Deux sociétés civiles immobilières sont propriétaires de lots dans un lotissement dont le cahier des charges stipule que les acquéreurs s’engagent à n’exercer aucune activité ni effectuer une vente ou location ou une mise à disposition de ces locaux, ou activités qui pourraient entrer en concurrence avec celles déjà en place.

Les locaux d’une des sociétés sont exploités pour la vente de vêtements et textiles ; l’autre société, après avoir donné à bail commercial ses locaux à destination de vente d’articles et d’équipements de sport, a signé un bail notarié qui autorise la locataire à céder librement le droit au bail à toutes sociétés d’un groupe déterminé et redéfinit les activités permises en précisant que les biens sont à l’usage de « commerce de vente d’articles d’équipement de la personne et/ou d’équipement de la maison et/ou d’articles de sport et de loisirs ».

Le droit au bail ayant été cédé, une ordonnance a interdit sous astreinte à la SCI de donner à bail directement ou indirectement à toute enseigne et notamment à la société cessionnaire pour y exploiter une activité susceptible de méconnaître les dispositions du cahier des charges du lotissement ; l’astreinte a été liquidée par ordonnance du 3 avril.

Statuant sur l’action de la SCI contre le preneur à bail commercial, ayant exactement rappelé qu’à défaut de stipulation dans le bail, le preneur ne peut être tenu personnellement d’une obligation contractée par son bailleur à l’égard de tiers que s’il avait connaissance de cette obligation le jour de la signature du bail qui a permis sa violation, la cour d ?appel, qui a relevé que le cahier des charges n’avait pas été publié selon les règles de la publicité foncière, que ni le bail ni la cession de droit au bail ne faisaient mention du cahier des charges ou de sa clause de non-concurrence et que rien ne pouvait conduire le preneur à mettre en doute les droits du bailleur, a pu en déduire que la société locataire n’avait pas participé personnellement à la violation de la clause de non-concurrence figurant au cahier des charges du lotissement.

Pour fixer à une certaine somme les préjudices commercial et moral subi par la SCI exploitant le fonds de commerce de vente de vêtements, l’arrêt retient que le préjudice commercial réellement subi par la société ne consiste pas dans la perte de chiffre d’affaires mais dans sa perte de marge brute dès lors qu’en vendant moins, elle réalise des économies sur ses achats.
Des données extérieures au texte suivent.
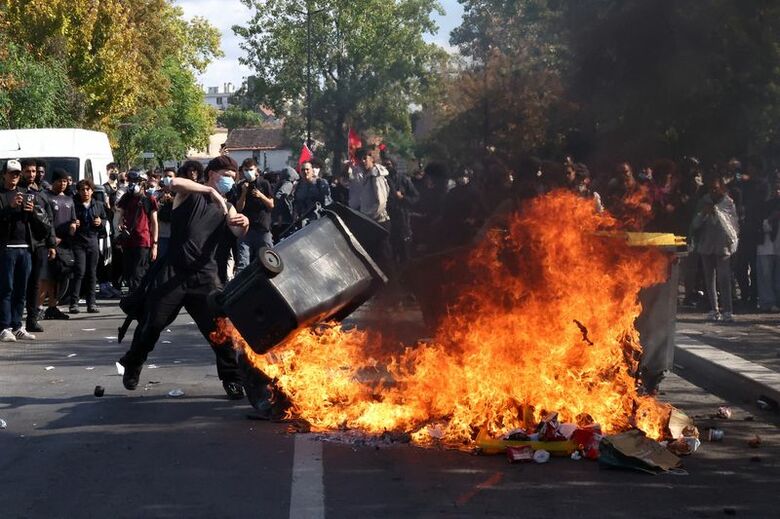 2026年10月1日、フランスのパリ近郊サンドニで、火の中にゴミ箱を投げ込む人。REUTERS/Abdul Saboor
En statuant ainsi sans rechercher, si le principe de la réparation intégrale du préjudice n’obligeait pas à prendre en compte le fait que la société devait continuer à assumer les mêmes charges en dépit de la diminution de son activité, la cour d ?appel n’a pas donné de base légale à sa décision au regard de l’article 1382 du code civil, ensemble le principe de la réparation intégrale du préjudice.

Pour rejeter la demande de suppression de l’astreinte assortissant une interdiction de donner à bail directement ou indirectement à toute enseigne, l’arrêt retient qu’en acquérant un lot du lotissement commercial, la société civile immobilière s’est explicitement engagée à respecter les dispositions du cahier des charges, la clause de non-concurrence étant de surcroît reprise dans son titre de propriété et que la circonstance qu’elle ait pris des engagements incompatibles auprès de son locataire ne saurait empêcher les tiers lésés par la violation de la clause, d’agir en cessation du trouble en résultant. En statuant ainsi, tout en décidant que la société bailleresse était tenue d’assurer à la société locataire la jouissance paisible du local pendant toute la durée du bail expirant en février 2017, la cour d’appel n’a pas tiré les conséquences légales de sa propre décision, au regard de l’article L. 131-1 du code des procédures civiles d’exécution.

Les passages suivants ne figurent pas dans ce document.